In terms of how a late payment will impact your score, there are two factors taken into consideration:

How late did you wind up making the payment?

How often did you make a late payment?

Delinquent payments stick around on your credit score for 7 years, so while making a late payment isn't a lifetime offense, it will impact you for a long time coming.

2. Your debts owed: 30%

This category is often called credit utilization as well, and it essentially asks one question:

Of the credit you have, how much is available for you to use?

You can express this as a ratio--the credit utilization ratio--to figure out how much leeway you have with your outstanding debt and credit.

This might seem like an odd factor, but here's the big idea: the more credit you have that's still available, the more financial wiggle room you have if something goes wrong. The higher your ratio, the less cushion you have.

For example, if you've maxed out your credit limit of $40,000 across your credit cards and line of credit loans, then you have nothing protecting you in case of an emergency. But if you're only using $5,000 or $10,000 of that available credit, then your credit score will reflect your strategic planning.

3. The length of your credit history: 15%

The more data that FICO has on your borrowing and spending habits, the better they can predict your future decisions. That's why new borrowers with short credit histories tend to have lower scores--because FICO can't really label you as trustworthy without enough history to analyze.

A longer credit history will definitely help your score... So long as that's a history of paying your lenders back on time and keeping your utilization manageable.

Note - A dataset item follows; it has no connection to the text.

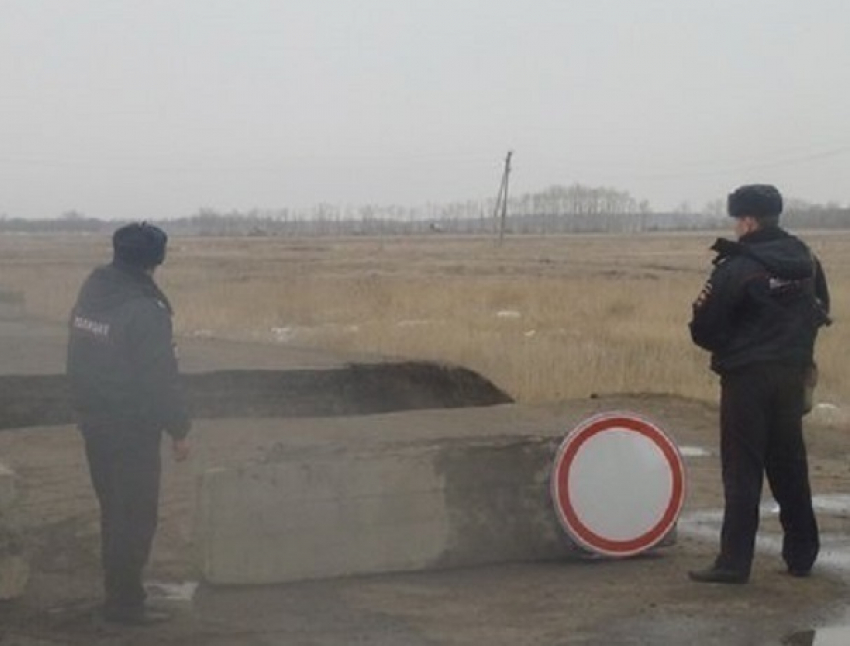 Власти Ростовской области перекрыли движение на поврежденной паводком автодороге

Also, your credit history is an average, so be careful when canceling those ancient credit card accounts: they could bring your history length down and potentially lower your score.

4. Your "new credit": 10%

This category takes into account your credit inquiries or the reports that FICO receives each time you apply for a new kind of credit.

Maybe you applied for a business loan, an apartment rental, a car purchase, or a new credit card. FICO receives a report of your credit getting checked by a lender--and since new credit accounts come with these credit inquiries beforehand, a small drop in your score might happen.

5. Your credit mix: 10%

Finally, your credit mix is just a reflection of the diversity of your borrowing habits.

Making on-time payments with a business loan is great, but making on-time payments with a business loan, a mortgage, and an auto loan is excellent.

You probably don't want to go out of your way to take on loans you don't need, so don't worry: this factor only accounts for 10% of your credit score, and you won't be penalized much for not borrowing too much all at once.

So Why Should Small Business Owners Care About Their Personal Credit?

This is the big question.

Now that you understand what a credit score is and how it works, why should you care? Especially about your personal credit score, if you're running a small business?

Your personal credit score will have an enormous impact on your business's eligibility for business loans--plain and simple. Data shows that higher personal credit scores are correlated with better eligibility for business loans, lower interest rates, and larger loan amounts. The higher your personal credit score, the better business loan you can get, generally speaking.

Why?

The answer is deceptively simple. Lenders believe--and the data proves them out--that small business owners' personal financial habits are often the same as their business habits. If you make late payments on your mortgage, they assume you'll do the same for a business loan.

One of the best things you can do for your business's financial borrowing future is to improve your credit score. Don't wait--get started today.